The data =>
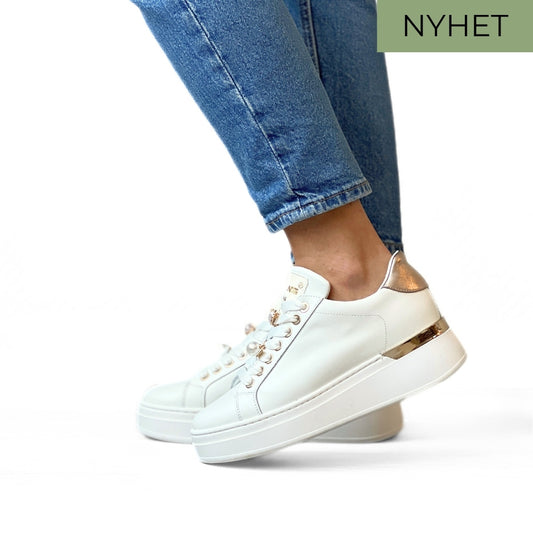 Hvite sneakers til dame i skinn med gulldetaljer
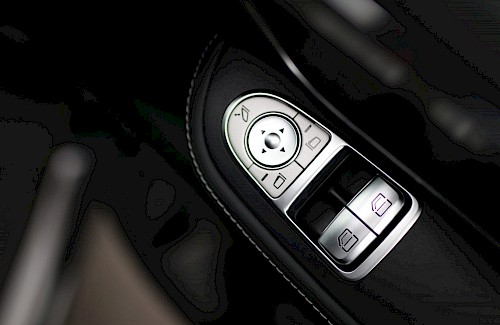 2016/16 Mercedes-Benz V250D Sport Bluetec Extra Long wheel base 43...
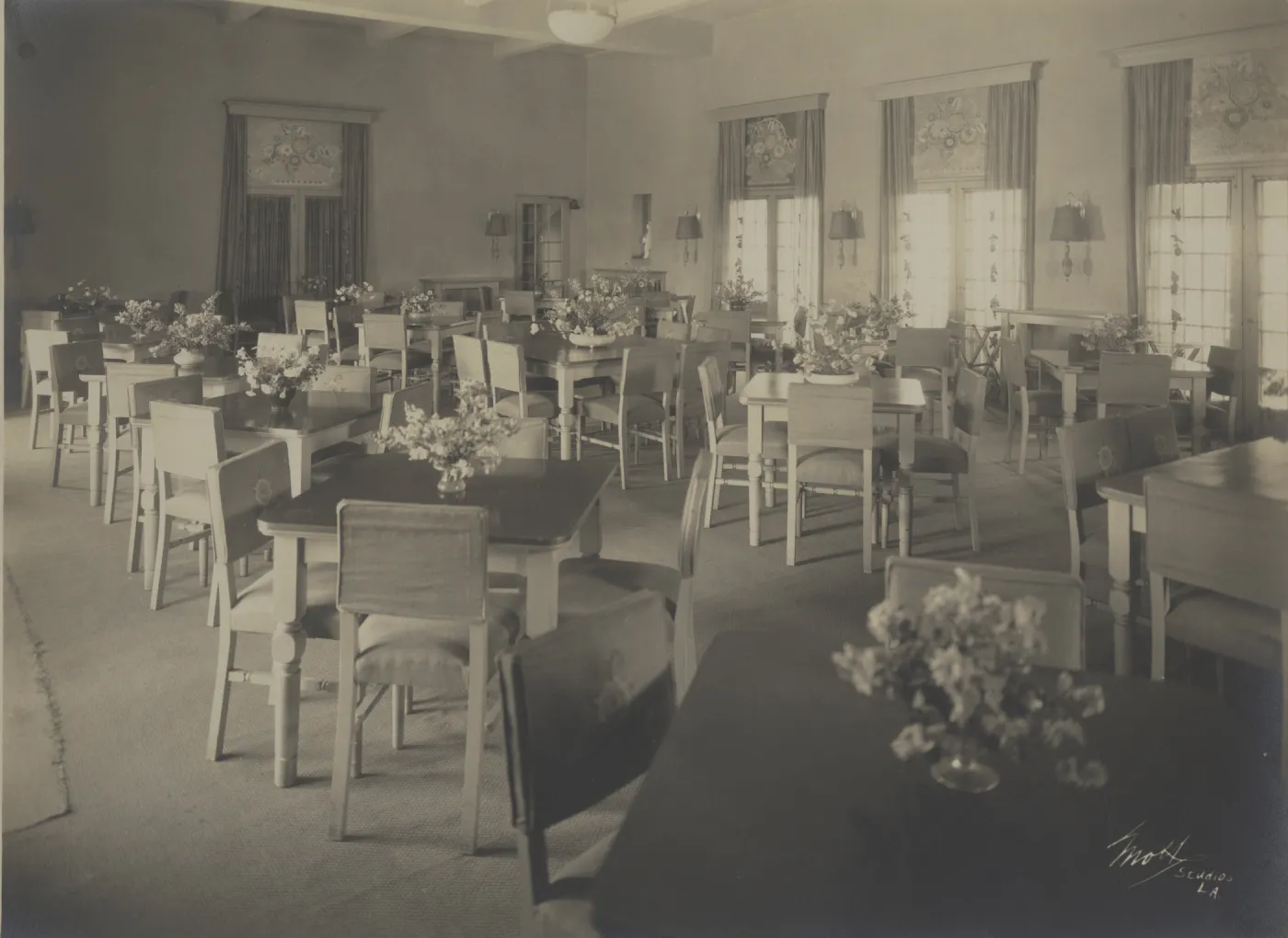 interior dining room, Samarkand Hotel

What you will do =>
When repeating the listing, keep each line exact and exclude the pictures.

Exercise answer =>
 Hvite sneakers til dame i skinn med gulldetaljer
 2016/16 Mercedes-Benz V250D Sport Bluetec Extra Long wheel base 43...
 interior dining room, Samarkand Hotel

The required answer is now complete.